# Need a 40" TV for the bedroom. Suggestions?



## FlashJim (May 6, 2006)

I'm in the market for something sub-$600 in the 40"- 42" range.

Any suggestions? 

Yesterday I went to Best Buy to check out a Panasonic 42". The picture looked great. Their price tag was $699. Newegg had it for $451 shipped. Of course, went I went to order it after lunch, it was out of stock.


----------



## Guest (Jan 4, 2012)

Interesting. I was not aware that modern TVs that that much room for markup. I was under the impression that profit margins were extremely narrow.
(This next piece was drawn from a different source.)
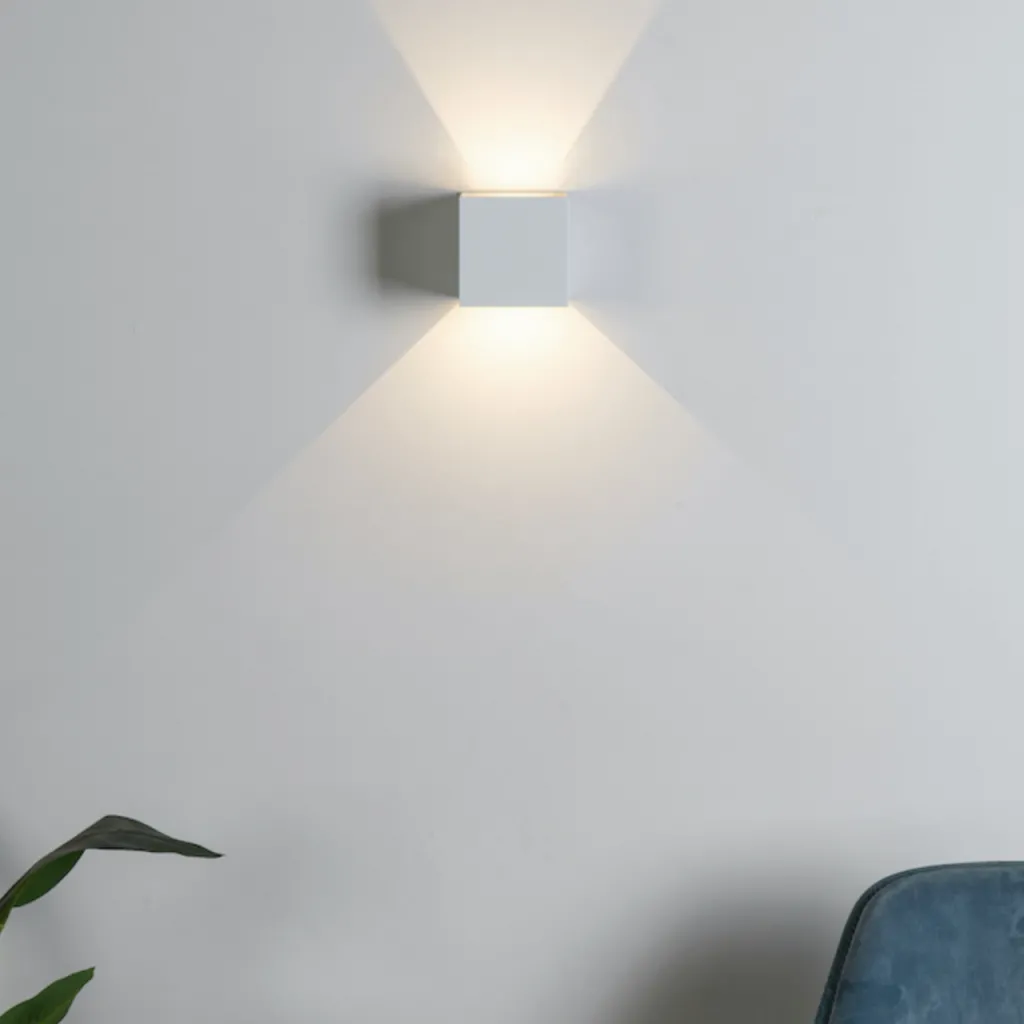 UP&DOWN - LED Vegglampe, 100x100, IP 54, Hvit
Newegg must have had some extra inventory they needed to clear out. Yesterday they had the Andrew Jones Pioneer speakers HALF OFF with free shipping. They were sold before I even had a chance to think about it. I'm not a rabid impulse shopper and I didn't get any. Oh well, still a good deal at full price.


----------



## tonyvdb (Sep 5, 2007)

Look at a Plasma display, they are the best deal right now and can be had for under $600. As long as your not using it for gaming or computer web browsing they are a good bargain.


----------



## smurphy522 (Sep 21, 2010)

Stay away from a Dynex (Best Buy exclusive) unit! I see you are not in that low of a price range but don't be tempted. I did get a "good price" on a 40" Dynex ($350) but it has terrible color accuracy.
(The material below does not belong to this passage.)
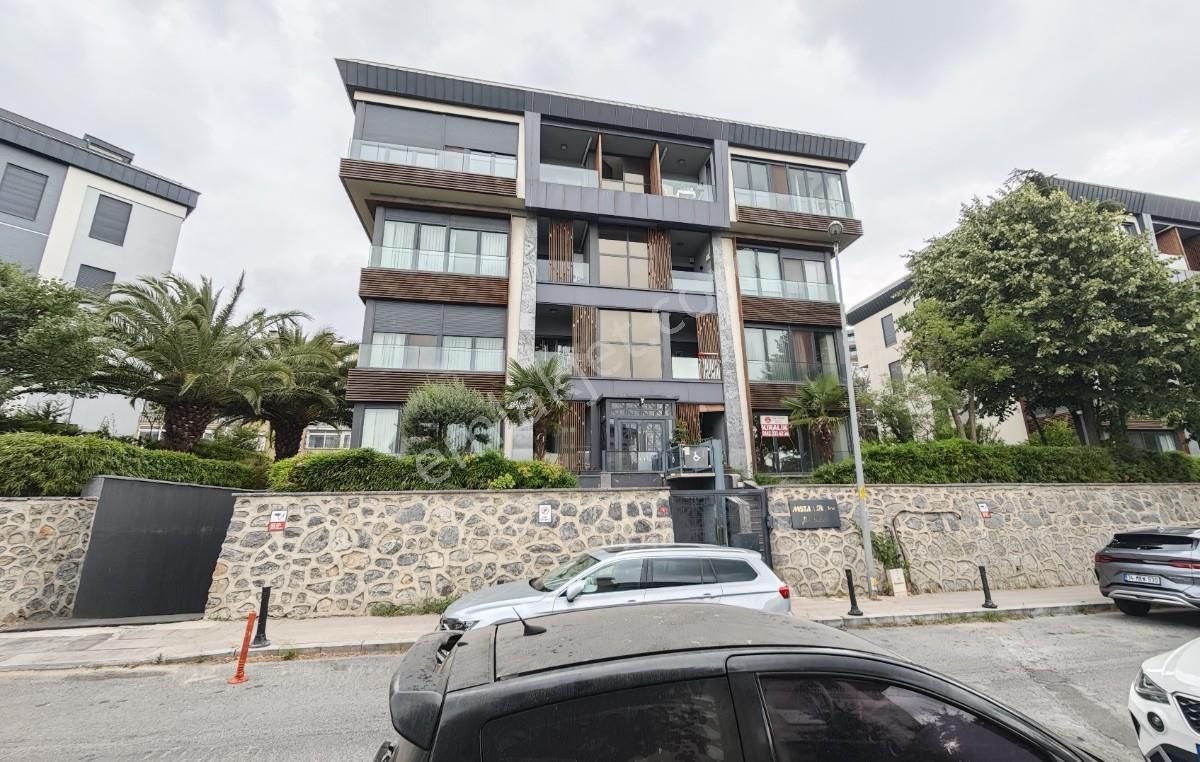 Balmumcu Mista Bosphorus Projesinde Yüksek Tavanlı 320 Cm. Lüks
Again just a warning for all looking at this post.


----------



## Pannus (Jan 11, 2012)

I agree. Stay away from Dynex.


----------



## ALMFamily (Oct 19, 2011)

I just bought a Samsung 40" LCD TV off craigslist for $300 and I must say the picture quality on it is amazing. Matter of fact, I bought it to use for poster display (idea from TKNice), but now that I have it up in the bedroom, my wife has told me there is a good chance it will stay there. So, obviously she has noticed a difference between it and the Dynex we had in there before, and she is pretty much TV illiterate. If you can find one, I highly recommend it.


----------



## KalaniP (Dec 17, 2008)

I paid about $500 for my Sony 40" LCD at Costco over a year ago, so it certainly should be possible to hit that point no problem today.


----------